Sin enterarse de leyes que prohíben el trabajo infantil, Randy Beltrán ya trabajaba como un hombre a su corta edad para ayudar al sustento de su familia. El sábado último el niño tuvo una buena jornada laboral, lo que motivó que sus compañeros, con edades entre 13 a 15 años, decidieran asesinarlo para despojarlo de 300 pesos. Fue ese un asesinato brutal como si los menores homicidas carecieran de la más mínima noción de humanidad o estuviesen formados en el entorno más salvaje en ausencia total de valores y donde la vida carece del más mínimo significado.
A la vuelta de poco tiempo, la sociedad ha sido consternada por tragedias sin referentes ni parangón, como la de la hija que convivía sexualmente por más de un lustro con su padre biológico y que convino en limpiar la sangre derramada por su madre al ser asesinada por su progenitor y después ayudar a ocultar el cadáver. ¿Qué decir de la adolescente de 14 años que infirió 20 cuchilladas a su bisabuela, la mayoría de las cuales asestadas después que la víctima había expirado, para robarle unos cuantos dólares y algunas monedas?
¿Por qué la sociedad pierde tan aceleradamente su caudal de valores éticos, morales y familiares acumulados durante siglos?
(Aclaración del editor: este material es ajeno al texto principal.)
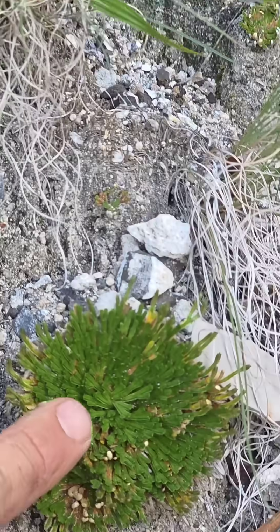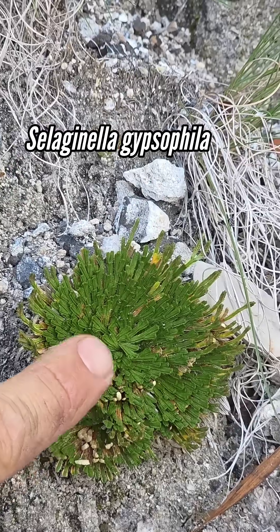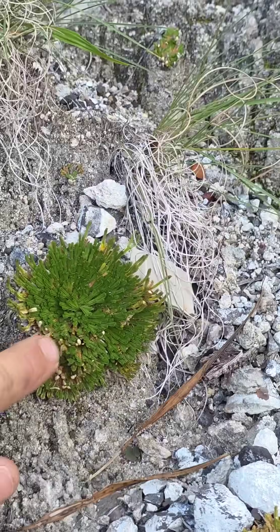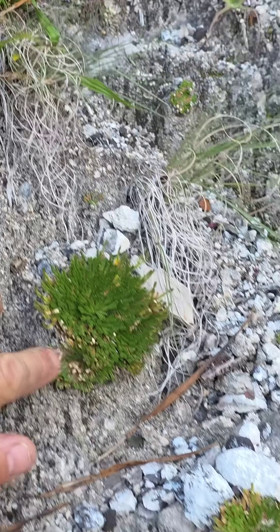Right here we've got Selaginella gypsicola, another gypsum endemic. It's not a fern — they call it a resurrection fern as a common name, but it's actually a lycophyte. It's a descendant of some of the first trees to evolve during the Carboniferous.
Maestros, sacerdotes, psicólogos, sociólogos, psiquiatras y politólogos ofrecen respuestas diferentes y a veces divergentes.
Lo que no parece tener motivo de discusión es la imperiosa necesidad de que se legisle en la modificación del Código Penal a los fines de incrementar la severidad de las penas aflictivas e infamantes, como advertencia categórica de la sociedad de que por ningún motivo tolerará la comisión o intento de ningún tipo de crimen, sin importar quien infrinja la ley. Se requiere insertar en esa legislación penal la figura de las penas consecutivas para que el agente infractor sea condenado conforme a cada una de las infracciones perpetradas, con lo cual la sanción podría sumar decenas de años, conforme a la gravedad de cada ofensa.
Antes que cualquier receta al drama de la criminalidad, la sociedad está obligada a imponer la majestad de la ley, que debe ser severa y justa, en proporción a la gravedad de la infracción criminal. Es asunto de vida o muerte.